### [INPUT DATA]
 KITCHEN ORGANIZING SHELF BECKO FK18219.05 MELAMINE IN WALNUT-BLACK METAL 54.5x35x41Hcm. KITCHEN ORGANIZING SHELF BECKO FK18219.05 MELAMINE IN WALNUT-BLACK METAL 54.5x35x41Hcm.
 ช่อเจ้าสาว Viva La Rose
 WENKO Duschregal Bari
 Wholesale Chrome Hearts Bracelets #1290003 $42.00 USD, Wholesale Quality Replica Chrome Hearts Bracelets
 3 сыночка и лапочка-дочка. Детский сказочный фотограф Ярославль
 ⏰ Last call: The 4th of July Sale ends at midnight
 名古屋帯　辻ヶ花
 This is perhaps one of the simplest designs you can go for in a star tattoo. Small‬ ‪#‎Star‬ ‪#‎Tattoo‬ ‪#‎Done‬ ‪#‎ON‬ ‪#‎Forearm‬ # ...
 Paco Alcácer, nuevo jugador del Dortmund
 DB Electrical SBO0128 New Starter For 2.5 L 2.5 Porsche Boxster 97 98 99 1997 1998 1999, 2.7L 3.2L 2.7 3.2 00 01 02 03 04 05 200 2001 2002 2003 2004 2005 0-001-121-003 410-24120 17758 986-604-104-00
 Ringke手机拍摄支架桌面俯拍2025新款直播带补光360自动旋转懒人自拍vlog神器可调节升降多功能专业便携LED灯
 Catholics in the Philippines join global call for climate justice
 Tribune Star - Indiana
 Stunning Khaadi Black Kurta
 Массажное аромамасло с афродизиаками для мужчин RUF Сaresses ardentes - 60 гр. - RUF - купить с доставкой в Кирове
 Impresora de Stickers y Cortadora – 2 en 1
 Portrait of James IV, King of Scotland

### [WORK REQUIRED]
Retype the data in full, precisely as given.

### [SOLVED PROBLEM]
 KITCHEN ORGANIZING SHELF BECKO FK18219.05 MELAMINE IN WALNUT-BLACK METAL 54.5x35x41Hcm. KITCHEN ORGANIZING SHELF BECKO FK18219.05 MELAMINE IN WALNUT-BLACK METAL 54.5x35x41Hcm.
 ช่อเจ้าสาว Viva La Rose
 WENKO Duschregal Bari
 Wholesale Chrome Hearts Bracelets #1290003 $42.00 USD, Wholesale Quality Replica Chrome Hearts Bracelets
 3 сыночка и лапочка-дочка. Детский сказочный фотограф Ярославль
 ⏰ Last call: The 4th of July Sale ends at midnight
 名古屋帯　辻ヶ花
 This is perhaps one of the simplest designs you can go for in a star tattoo. Small‬ ‪#‎Star‬ ‪#‎Tattoo‬ ‪#‎Done‬ ‪#‎ON‬ ‪#‎Forearm‬ # ...
 Paco Alcácer, nuevo jugador del Dortmund
 DB Electrical SBO0128 New Starter For 2.5 L 2.5 Porsche Boxster 97 98 99 1997 1998 1999, 2.7L 3.2L 2.7 3.2 00 01 02 03 04 05 200 2001 2002 2003 2004 2005 0-001-121-003 410-24120 17758 986-604-104-00
 Ringke手机拍摄支架桌面俯拍2025新款直播带补光360自动旋转懒人自拍vlog神器可调节升降多功能专业便携LED灯
 Catholics in the Philippines join global call for climate justice
 Tribune Star - Indiana
 Stunning Khaadi Black Kurta
 Массажное аромамасло с афродизиаками для мужчин RUF Сaresses ardentes - 60 гр. - RUF - купить с доставкой в Кирове
 Impresora de Stickers y Cortadora – 2 en 1
 Portrait of James IV, King of Scotland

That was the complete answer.